Notorious terrorist 'Jihadi John' may have been killed in drone strike
The UK has been working "hand in glove" with the US on tracking down the British IS militant known as Jihadi John, Downing Street said after he was targeted by a US air strike.
The Pentagon said it was assessing whether Mohammed Emwazi was killed by the operation in the militants' stronghold of Raqqa in Syria.
Prime Minister David Cameron is to make a statement later today.
"We have been working hand in glove with the Americans to defeat Isil and to hunt down those murdering hostages," a Number 10 spokeswoman said.
"The Prime Minister has said before that tracking down these brutal murderers was a top priority."
Emwazi came to notoriety in a video in August 2014 which showed the beheading of US journalist James Foley.

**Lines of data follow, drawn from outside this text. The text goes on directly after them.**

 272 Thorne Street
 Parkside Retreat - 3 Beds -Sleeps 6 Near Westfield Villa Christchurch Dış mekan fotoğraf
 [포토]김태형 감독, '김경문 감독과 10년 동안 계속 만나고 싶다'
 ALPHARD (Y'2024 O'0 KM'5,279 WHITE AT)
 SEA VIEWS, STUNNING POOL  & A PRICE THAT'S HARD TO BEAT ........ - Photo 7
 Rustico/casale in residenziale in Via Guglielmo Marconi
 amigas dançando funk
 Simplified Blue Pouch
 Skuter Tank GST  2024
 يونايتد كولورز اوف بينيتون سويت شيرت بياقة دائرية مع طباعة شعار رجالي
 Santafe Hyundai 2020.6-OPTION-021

He also appeared in videos showing the killings of UK hostages Alan Henning and David Haines, American journalist Steven Sotloff, aid worker Abdul-Rahman Kassig and Japanese journalists Kenji Goto and Haruna Yukawa shortly before they were killed.
A US official told the Associated Press that a drone had been used to carry out the attack on a vehicle in Raqqa which was believed to be carrying Emwazi.
Pentagon press secretary Peter Cook said: "US forces conducted an air strike in Raqqa, Syria, on November 12 2015 targeting Mohamed Emwazi, also known as 'Jihadi John'.
"We are assessing the results of tonight's operation and will provide additional information as and where appropriate."
Mr Haines, an aid worker from Scotland, was executed in September last year, having been held captive for 18 months.
His daughter, Bethany, later said she felt the families of Emwazi's victims would only feel closure "once there's a bullet between (his) eyes".
A video released a month later showed 47-year-old Salford taxi driver Mr Henning appearing to be beheaded.
His daughter, Lucy, said she found out he had been killed when she saw an image posted on social media site Instagram.
Emwazi appeared in the videos dressed in black with only his eves visible, and spoke with a British accent as he went on anti-Western rants to the camera while wielding a knife.
It was not until February this year that the jihadist was unmasked as Kuwaiti-born Emwazi, who had lived in the UK since the age of six.
It emerged that Emwazi had been known to British intelligence services, but managed to travel to Syria in 2013.
In September, it was announced that two British nationals fighting with IS in Syria had been killed in an RAF drone strike.
Reyaad Khan, from Cardiff, who was said to present a "clear and present danger", was the target and died alongside fellow jihadi Ruhul Amin.
A third Briton, Junaid Hussain, who was said to be plotting with Khan, was killed three days later by a US drone.
The operation is being investigated by the Intelligence and Security Committee (ISC) which oversees the work of MI5, MI6 and GCHQ, after concerns were raised about its legal basis.